• _What you need to do_:
Among the lines of data below, reproduce only those from the one with "Motti Way Nautical" through the one with "K-Swiss WomenS Ultrashot", exactly as they stand, both ends included.

• _Records for the exercise_:
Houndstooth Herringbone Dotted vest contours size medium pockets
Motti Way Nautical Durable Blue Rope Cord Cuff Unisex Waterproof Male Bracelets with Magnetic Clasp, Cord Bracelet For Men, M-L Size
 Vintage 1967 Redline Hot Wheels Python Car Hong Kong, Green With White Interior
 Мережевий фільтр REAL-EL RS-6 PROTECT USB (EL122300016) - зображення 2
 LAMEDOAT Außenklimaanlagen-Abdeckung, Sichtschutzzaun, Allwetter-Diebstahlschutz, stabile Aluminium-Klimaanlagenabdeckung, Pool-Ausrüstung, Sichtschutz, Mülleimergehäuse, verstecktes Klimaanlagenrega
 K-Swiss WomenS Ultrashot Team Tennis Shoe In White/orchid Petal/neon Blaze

--

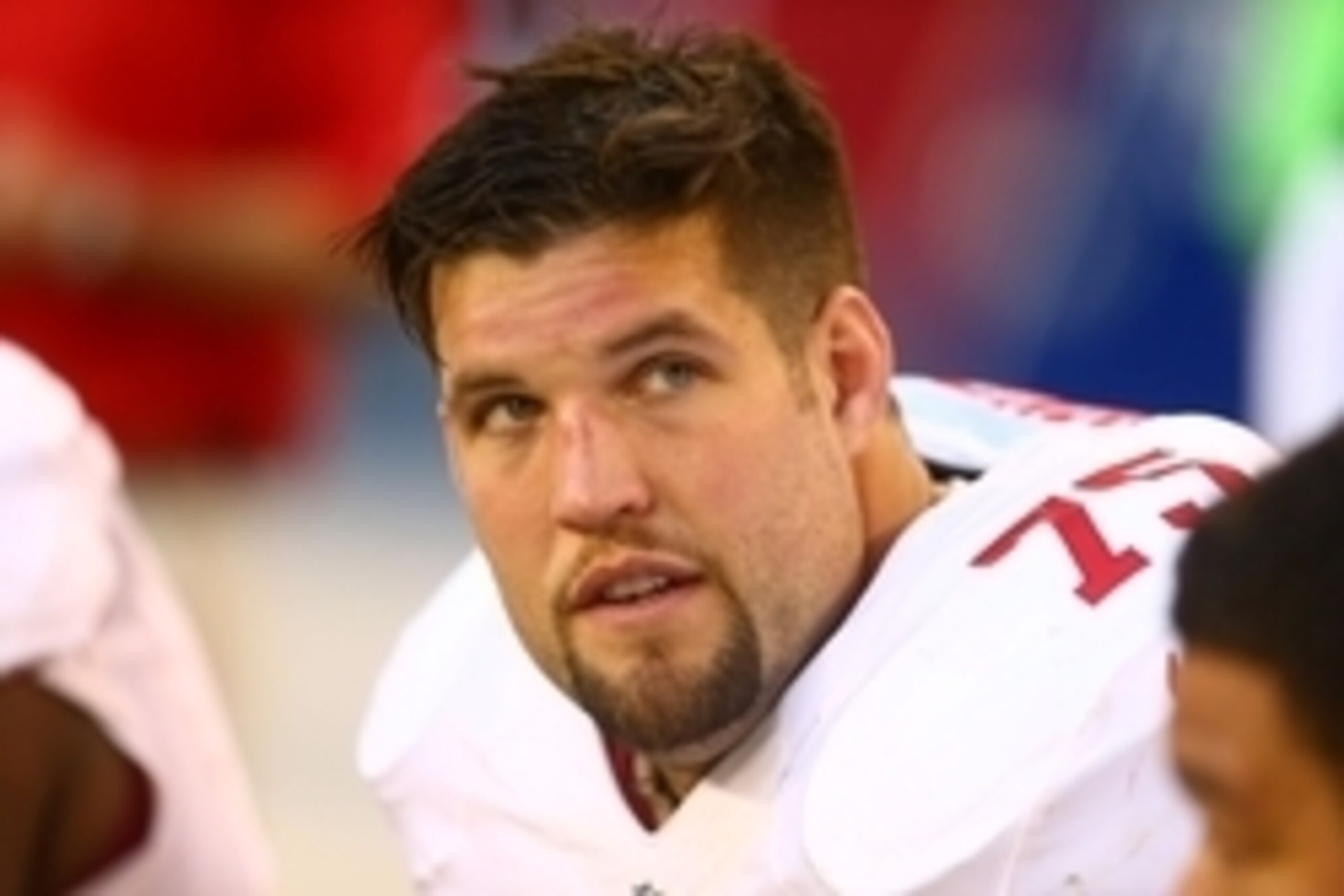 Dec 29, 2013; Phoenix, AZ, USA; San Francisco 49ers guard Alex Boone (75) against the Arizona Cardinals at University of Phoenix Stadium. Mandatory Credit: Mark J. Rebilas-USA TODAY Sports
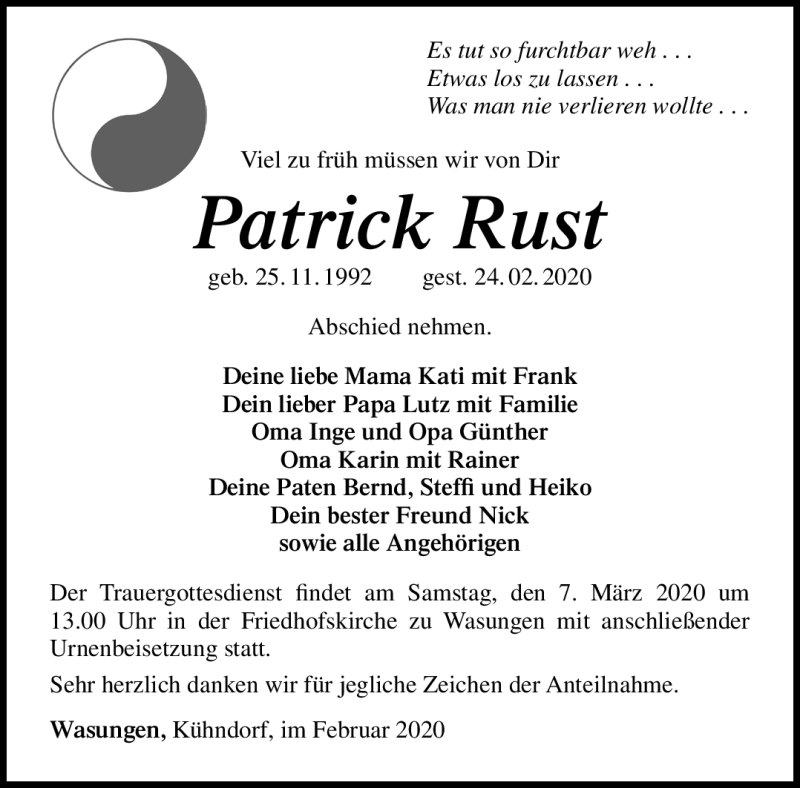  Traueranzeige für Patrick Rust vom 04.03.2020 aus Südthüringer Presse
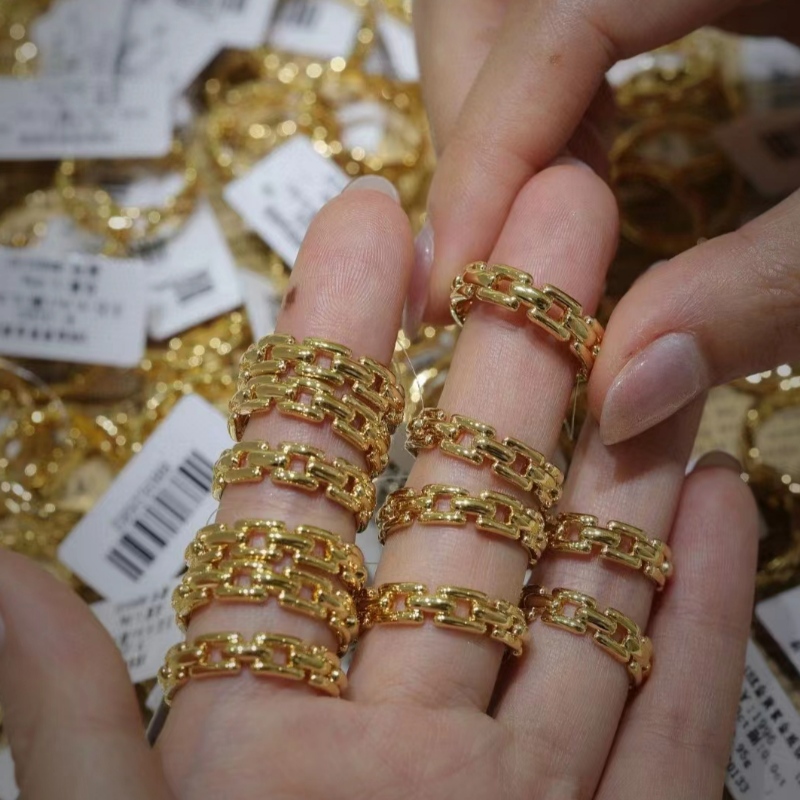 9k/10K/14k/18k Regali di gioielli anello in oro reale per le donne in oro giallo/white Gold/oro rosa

• _Solution to the exercise_:
Motti Way Nautical Durable Blue Rope Cord Cuff Unisex Waterproof Male Bracelets with Magnetic Clasp, Cord Bracelet For Men, M-L Size
 Vintage 1967 Redline Hot Wheels Python Car Hong Kong, Green With White Interior
 Мережевий фільтр REAL-EL RS-6 PROTECT USB (EL122300016) - зображення 2
 LAMEDOAT Außenklimaanlagen-Abdeckung, Sichtschutzzaun, Allwetter-Diebstahlschutz, stabile Aluminium-Klimaanlagenabdeckung, Pool-Ausrüstung, Sichtschutz, Mülleimergehäuse, verstecktes Klimaanlagenrega
 K-Swiss WomenS Ultrashot Team Tennis Shoe In White/orchid Petal/neon Blaze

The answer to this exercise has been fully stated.